(Via Werner Vogels).Scott Berkun raises the questions - We all know someone that’s intelligent, but who occasionally defends obviously bad ideas. Why does this happen? How can smart people take up positions that defy any reasonable logic? And tries to answer these. The problem with smart people is that they like to be right and sometimes will defend ideas to the death rather than admit they’re wrong. This is bad. Worse, if they got away with it when they were young (say, because they were smarter than their parents, their friends, and their parent’s friends) they’ve probably built an ego around being right, and will therefore defend their perfect record of invented righteousness to the death. Smart people often fall into the trap of preferring to be right even if it’s based in delusion, or results in them, or their loved ones, becoming miserable. Until they come face to face with someone who is tenacious enough to dissect their logic, and resilient enough to endure the thinly veiled intellectual abuse they dish out during debate (e.g. “You don’t really think that do you?” or “Well if you knew the rule/law/corollary you wouldn’t say such things”), they’re never forced to question their ability to defend bad ideas. Opportunities for this are rare: a new boss, a new co-worker, a new spouse.
That said, the more homogeneous a group of people are in their thinking, the narrower the range of ideas that the group will openly consider. The more open minded, creative, and courageous, a group is, the wider the pool of ideas they’ll be capable of exploring. Some teams of people look to focus groups, consultancies, and research methods to bring in outside ideas, but this rarely improves the quality of thinking in the group itself. Those outside ideas, however bold or original, are at the mercy of the diversity of thought within the group itself. If the group, as a collective, is only capable of approving B level work, it doesn’t matter how many A level ideas you bring to it. Focus groups or other outside sources of information can not give a team, or its leaders, a soul. A bland homogeneous team of people has no real opinions, because it consists of people with same backgrounds, outlooks, and experiences who will only feel comfortable discussing the safe ideas that fit into those constraints. If you want your smart people to be as smart as possible, seek a diversity of ideas. Find people with different experiences, opinions, backgrounds, weights, heights, races, facial hair styles, colors, past-times, favorite items of clothing, philosophies, and beliefs. Unify them around the results you want, not the means or approaches they are expected to use. It’s the only way to guarantee that the best ideas from your smartest people will be received openly by the people around them. On your own, avoid homogenous books, films, music, food, sex, media and people. Until recently in human history, life was much less predictable and we were forced to encounter things not always of our own choosing. We are capable of more interesting and creative lives than our modern cultures often provide for us.

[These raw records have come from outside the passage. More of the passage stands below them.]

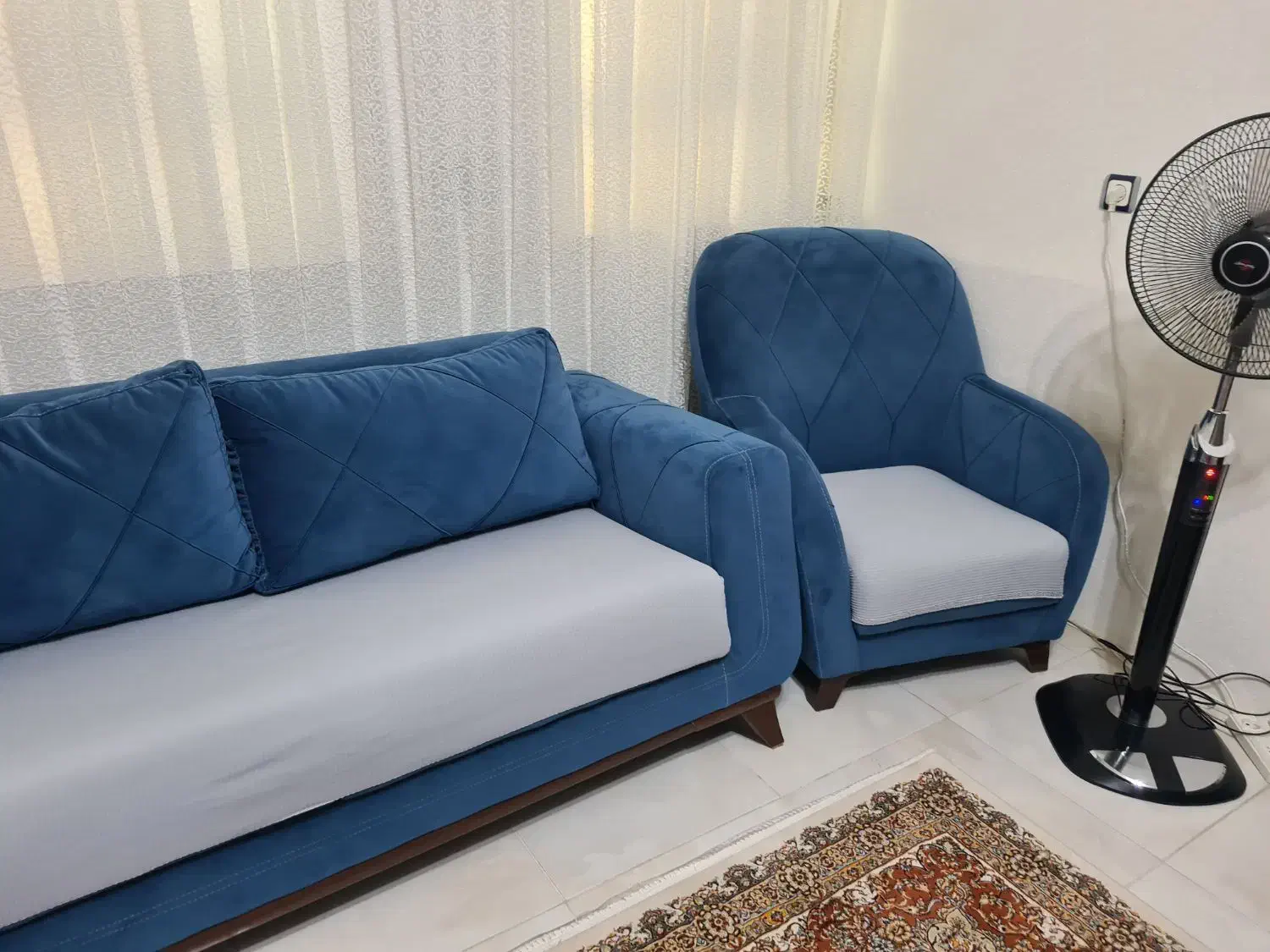 مبل ۸ نفره همراه جلو مبلی مبل با کیفیت|مبلمان خانگی و میز عسلی|ایلام, |دیوار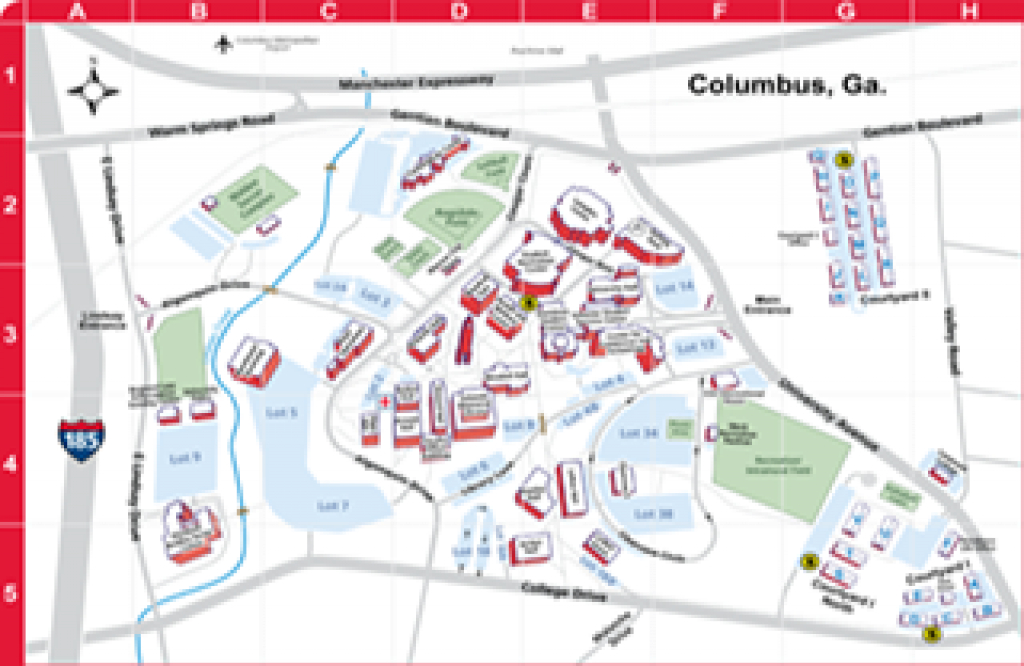 Maps - Columbus State University - Columbus, Georgia in Ferris State University Campus Map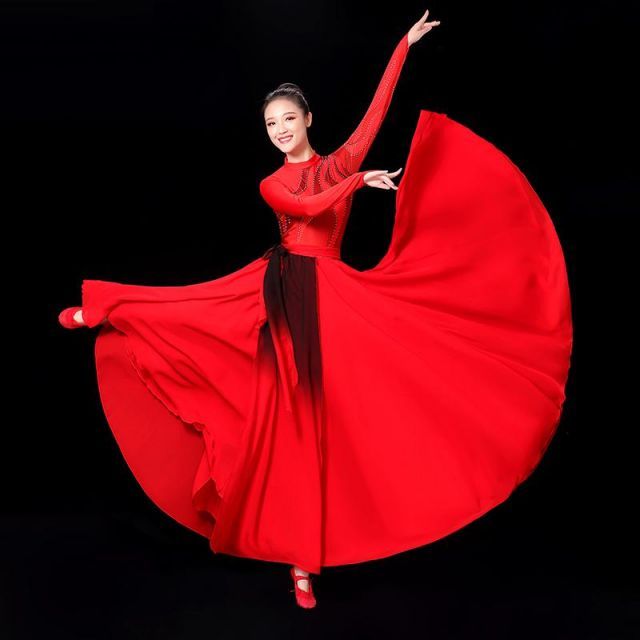 モダンダンス ロングスカート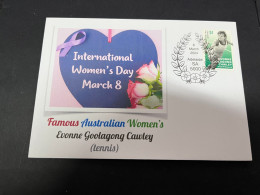 17-3-2024 (3 Y 17) International Women's Day (8-3-2024) Famous Australian Women - Evonne Goolagong Cawley (tennis) - Other & Unclassified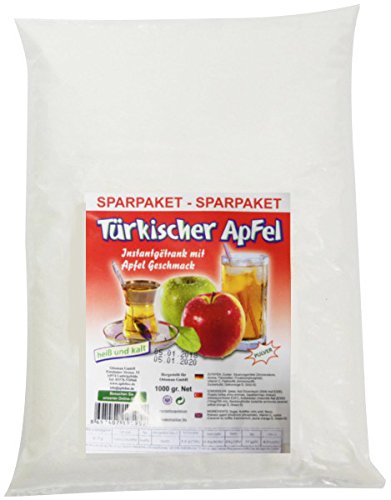 1KG Ottoman Türkischer Apfel, Instantgetränk mit Apfelgeschmack - Roter Apfel von COXZD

- Smart people can follow stupid leaders (seeking praise or promotion)
- Smart people may follow their anger into stupid places
- They may be trained or educated into stupidity
- Smart people can inherit bad ideas from their parents under the guise of tradition
The reason for this is simple. Smart people, or at least those whose brains have good first gears, use their speed in thought to overpower others. They’ll jump between assumptions quickly, throwing out jargon, bits of logic, or rules of thumb at a rate of fire fast enough to cause most people to become rattled, and give in. When that doesn’t work, the arrogant or the pompous will throw in some belittlement and use whatever snide or manipulative tactics they have at their disposal to further.